Sensible Daten, überforderte Nutzer
Bereits die ersten Ergebnisse der Nutzerbefragung überraschten Dr. von Pape: „Für die meisten
Befragten hatte Datenschutz keine hohe Priorität.“ Mehr Funktionen und ein besserer Zugriff auf
Daten von anderen Geräten wünschten sich die meisten Befragten, besondere Vorsicht im
Umgang mit den Daten sei aber nicht zu bemerken: „Die Nutzer meinen, das Auto würde ohnehin
‚nur‘ technische Daten sammeln.“
Doch so einfach ist es nicht, so Dr. von Pape: Daten, die eigentlich zu Wartungs- oder
Sicherheitszwecken anfallen, ließen auch Rückschlüsse auf das Gefahrenverhalten der Fahrer zu
– wenn sie nicht umfassend geschützt werden. Solche Rückschlüsse könnten zum Beispiel aus
den Müdigkeitswarnungen oder Auslösungen des Gurtstraffers gewonnen werden.
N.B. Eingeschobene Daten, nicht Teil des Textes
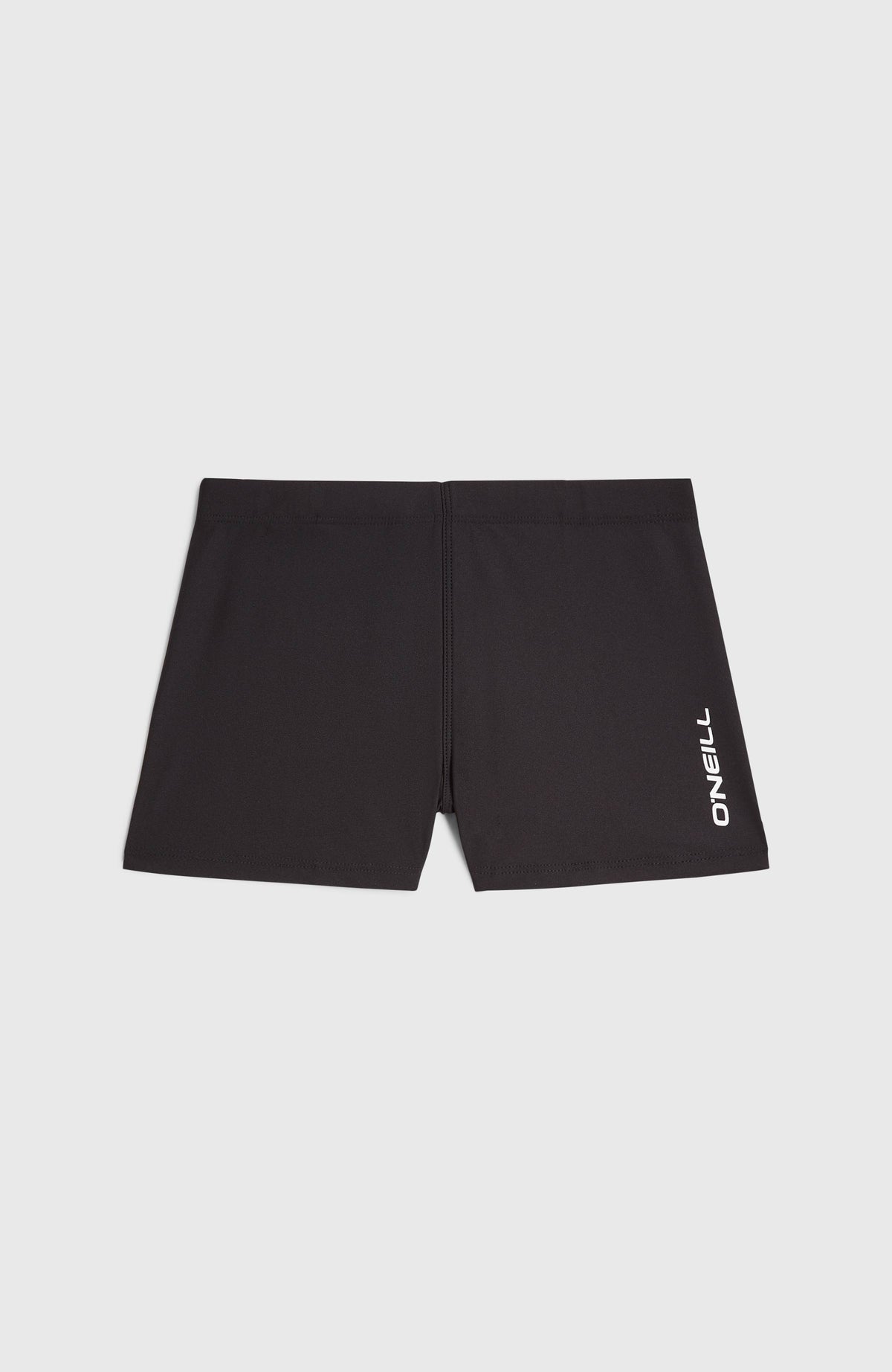 Racer Badehose für Jungen, schwarz, flach liegend von vorne mit weißem Logo-Print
Parkpositionen und die in das Navigationssystem eingegebenen Adressen könnten weitere
Schlüsse auf sensible Alltagsgewohnheiten und Vorlieben der Fahrer erlauben, wie Arzt- oder
Kneipenbesuche.
Bereits jetzt bieten Versicherer vergünstigte Tarife an, wenn Autobesitzer eine sogenannte Black
Box einbauen, die Daten über das Fahrerverhalten übermittelt. „Ob eine solche Nutzung von
Daten im Interesse der Autofahrer ist oder lieber gesetzlich eingeschränkt werden sollte, diese
Diskussion müssen wir als Gesellschaft führen.“
Wenig Bewusstsein für Datenschutz bei Nutzern
Doch um die Risiken zu durchschauen, fehlt es manchen Nutzern allein schon am technischen
Wissen. „Anders als erwartet waren unter den frühen Nutzern nicht nur technikbegeisterte
Menschen. Manche von ihnen hatten gar nicht unbedingt vor, ein vernetztes Auto zu kaufen. Sie
bekamen die Technik beim Autokauf als neuen Standard präsentiert oder sie nutzen das Auto nur
mit, das der Partner gekauft hat.“
Das wirke sich auch auf die Datensicherheit aus: „Zum Teil bekommen solche Nutzer dann das
System eingerichtet, ohne einmal gelesen zu haben, welche Daten übermittelt werden und wie
sie diese schützen können.“
Viele der Systeme fragten zudem nur ein einziges Mal pauschal ab, ob Nutzer mit der
Datenverwendung einverstanden sind. „Wer an diesem Punkt zustimmt oder sogar jemand
anderen mit der Einrichtung beauftragt, der dann die Zustimmung gibt, macht dies später meist
nicht mehr rückgängig“, so Dr. von Pape.
Um Daten wirkungsvoll schützen zu können, müssen die Nutzer zunächst wissen, welche Daten
wo, wann und zu welchem Zweck im Auto erhoben werden. Dann können sie einfach per
Knopfdruck entscheiden, ob sie den Dienst abschalten oder nicht.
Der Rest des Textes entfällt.